Venda de veículos usados cresce e projeção é otimista para 2025

Depois de encerrar 2024 com um recorde de vendas, quando 15.777.594 veículos usados foram comercializados no Brasil, o setor projeta mais um ano de crescimento. Segundo a Federação Nacional das Associações dos Revendedores de Veículos Automotores (Fenauto), a expectativa é de um aumento de pelo menos 5% em 2025. No acumulado dos dois primeiros meses deste ano, foram negociadas 2.507.719 unidades, um avanço de 7% em relação ao início de 2024. Somente em fevereiro, as vendas totalizaram 1.281.757 veículos, um acréscimo de 4,6% frente a janeiro.

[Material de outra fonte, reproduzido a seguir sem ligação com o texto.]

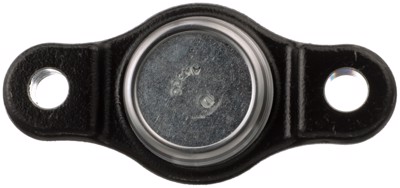 TC6490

Na comparação com fevereiro do ano passado, o crescimento foi de 12,1%. De acordo com o presidente da Fenauto, Enilson Sales, o fato de o Carnaval ter sido realizado em março permitiu que as lojas permanecessem abertas por mais dias em fevereiro, o que contribuiu para o desempenho positivo. “Ainda estamos surfando na onda de 2024, impulsionada pelo crédito. Apesar do aumento das taxas de juros, a oferta segue elevada, o que ajuda a movimentar o mercado de usados”. “Também observamos uma reação na venda de veículos pesados, que cresceram mais do que os demais segmentos. Esse movimento ocorre devido à renovação de frota por grandes frotistas, o que acaba beneficiando pequenos empresários que adquirem os veículos seminovos”, acrescenta. Sales ressalta que um dos desafios para manter o crescimento do setor é a instabilidade fiscal. “O descontrole das contas públicas pode gerar uma série de reflexos na economia, desde a insegurança do consumidor até impactos na indústria e no comércio. Outro fator a ser monitorado é a chegada dos veículos chineses ao mercado de seminovos. Precisamos avaliar como eles serão aceitos e de que forma isso afetará o setor. Já no cenário internacional, vemos os Estados Unidos elevando tarifas sobre produtos estrangeiros. Precisamos aguardar para entender se esse movimento afetará a economia brasileira, especialmente se nossos produtos forem taxados”. Aumento nas transferências Ainda segundo os dados da Fenauto, em fevereiro, a média de transferências por dia útil foi 15% superior à registrada em janeiro. O presidente da entidade destaca que a manutenção da liquidez no mercado valoriza os veículos seminovos e usados. “Torcemos para que as montadoras consigam atender à demanda, as concessionárias aumentem suas vendas e o mercado de veículos novos cresça. Isso impulsiona o nosso setor”, conclui.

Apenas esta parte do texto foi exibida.